Re: let Makefile.PL to do the Readme file for me -- new target?
by bliako (Prior) on Jan 20, 2021 at 12:01 UTC

    As pryrt said you can have many Makefile targets into the single postamble. I had similar worries asked here: Benchmarks target in Makefile. If you super-search for postamble you will find more.

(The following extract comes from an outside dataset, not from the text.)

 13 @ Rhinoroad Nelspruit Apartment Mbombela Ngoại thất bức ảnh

    If you were developing in Linux you could benefit from Autotools (I guess win-gnu has it too). I know it's old and tired but this is what I use and sometimes I hit its limitations. The "pattern" I use is to create a dir for my project to contain a huge Autotools Makefile (skeleton). Inside that parent dir I create a dir called Perl. Therein lies the Perl code, tests, doc etc. and the simplest Makefile.PL. Autotools' Makefile will be responsible for entering the Perl dir, creating the doc, even spellchecking the docs!, running critic, running the dev-tests, dev-benchmarks, pushing to git and eventually creating the dist-tarball for CPAN from only Perl's subdir contents. To recap: create the simplest, client-side Makefile.PL and all the functionality is in the parent dir in Autotools' Makefile which can hold sensitive passwords without having to remove them before dist. Nothing of this goes to client-side. A template is easy to be created to re-use with other projects.

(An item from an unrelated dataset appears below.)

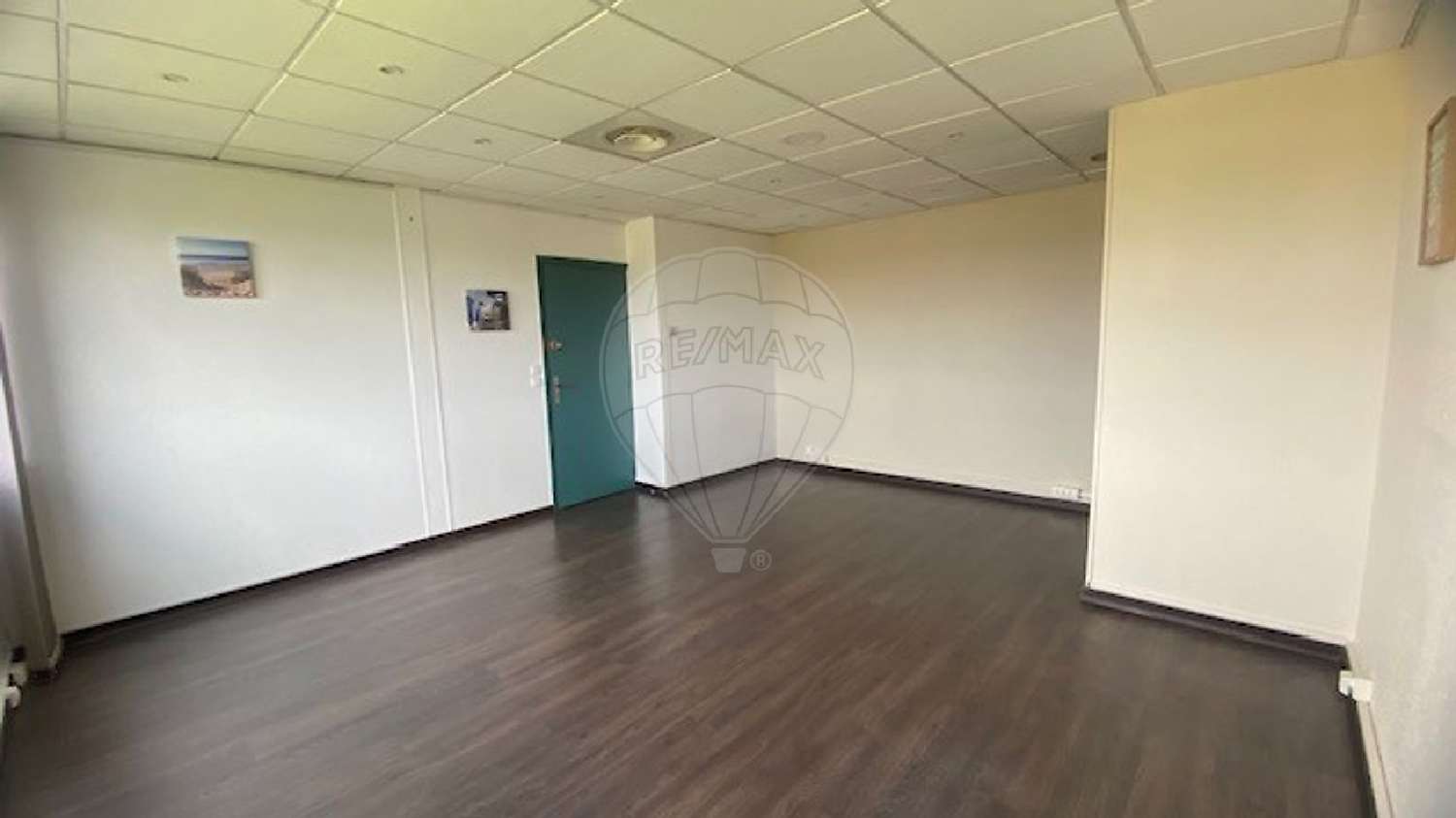  for sale commercial Mérignac Gironde 3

    Again, Autotools I feel is tired. The pattern I am suggesting of Parent-dir/Perl-dir may be a solution to limitations of Makefile.PL and the effort to keep it simple, just for client-side use. My proposal can be implemented with other auto-tools. I would personally keep away from cmake and all the "modern" gradles, ants, mavens and whatnot. (warning: based on personal experience and bitter taste rather than any sensible arguments, sorry.).

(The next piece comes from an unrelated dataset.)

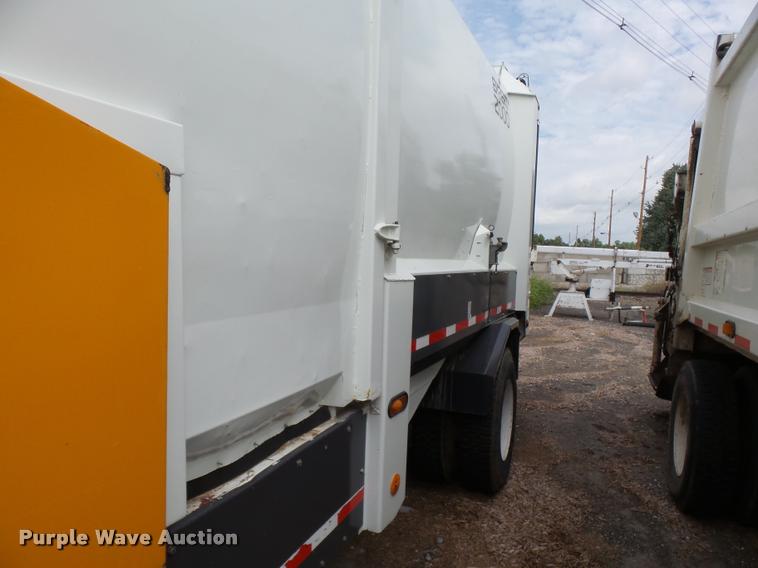 image for item K3087 2007 International 7400 refuse truck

    Although the point Anonymous Monk makes (++) that "Make syntax isnt portable." is valid.

    bw, bliako

Re: let Makefile.PL to do the Readme file for me -- new target?
by Anonymous Monk on Jan 20, 2021 at 03:35 UTC
    Make syntax isnt portable.
      Make syntax isnt portable.

      I don't buy this argument. About 88% of the currently over 39k distributions in my (up-to-date) CPAN::Mini contain a Makefile.PL.

      Update: To clarify: I'm not saying Makefiles are necessarily portable. The point is the solutions to the OP can be implemented in a portable way, but the way the above statement is worded makes it seem like they can't. That's the problem with a four-word post; perhaps clarification would have been useful.